I don't know the rest of your situation but you could sell the car, take the loan hit and walk or ride a bike. Of course you have to come up with $8k which equals 16 months car payments. Maybe you'll have a new, higher paying job by then? Move to lower cost housing. Don't dine out. Cancel cable if you haven't already. Shed expenses. Sorry, that's all I have. I'm sure others will chime in with better ideas.
 

·
Registered
Joined
·
253 Posts
Credit unions are doing car loans at 2 1/4% you could refi and 1/2 the payment.
Assuming the credit union would do it (doubtful given his income and loan-to-value ratio), he would need to refi for 6 more years to cut it in half.

Truegreen100, you may be upside down on your loan but you are ignoring the $7500 tax credit that you presumably took.
I assume he either didn't get it or it has long been spent elsewhere.

This should be a case study in what NOT to do financing-wise. $36K loan for 84 months?!?!?
I have sympathy for the O.P.'s current situation, but daaaaammmmnnnn.
 

·
Registered
Joined
·
13,556 Posts
Credit unions are doing car loans at 2 1/4% you could refi and 1/2 the payment.
No matter what the difference between the old interest rate and the new, there's no way to cut the payment in half without increasing the term. I'm with steverino, borrowing money to buy a car is stupid. If you don't have the cash you cannot afford it. Despite the OPs good paying job, this is a prime example of what happens when you buy everything on payments. You are leveraged up the wazoo and any bump in the road then puts you in great peril. The other thing, why after 4 years does the OP still owe $18K on the car? I suspect they paid too much for it. I got my new 2013 after the great $5K price drop for $21K, far below the $44k MSRP. Had I paid anywhere near MSRP minus tax credit, that would have really hurt.

I've been through two high paying job losses in 5 years, but luckily I was able to land on my feet. Not having a car payment made this possible. Plus going to an interview confident and not desperate goes a long way towards landing that next job. Interviewers can smell desperation and negativity a mile away.

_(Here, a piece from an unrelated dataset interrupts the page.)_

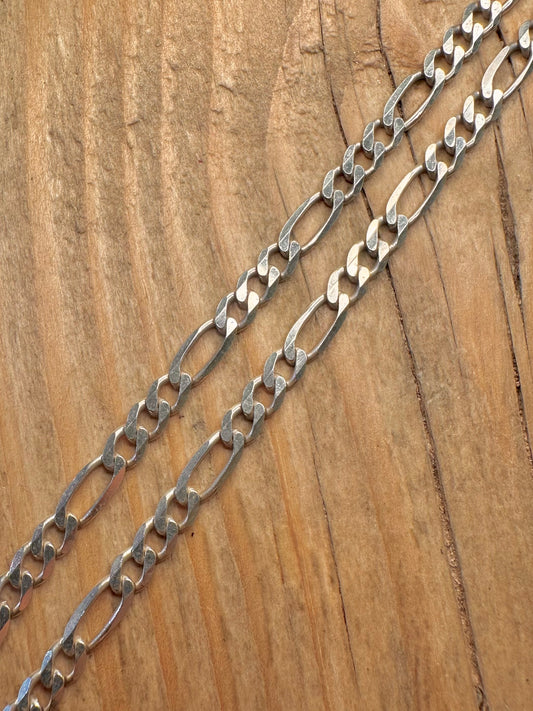 Vintage Figaro Italy Chain 925 Sterling Silver Hallmarked 20 inch Necklace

To the OP. Don't trade the car in with a dealer. They underpay for the car then overcharge for the next one so they have you coming and going. . Check KBB prices for selling it on your own, you will get more than a dealer trade in.

The flip side, you could also work everynodd job possible and work like a maniac and just pay the car off. If you love it that much make it your primary goal (after food, shelter, and utilities).

Other life advice, figure out what you really want to do in life, what steps you need to get there, and work your butt off to do it. Meanwhile, take any job you can find to put food on the table, and work to replace it with a better job.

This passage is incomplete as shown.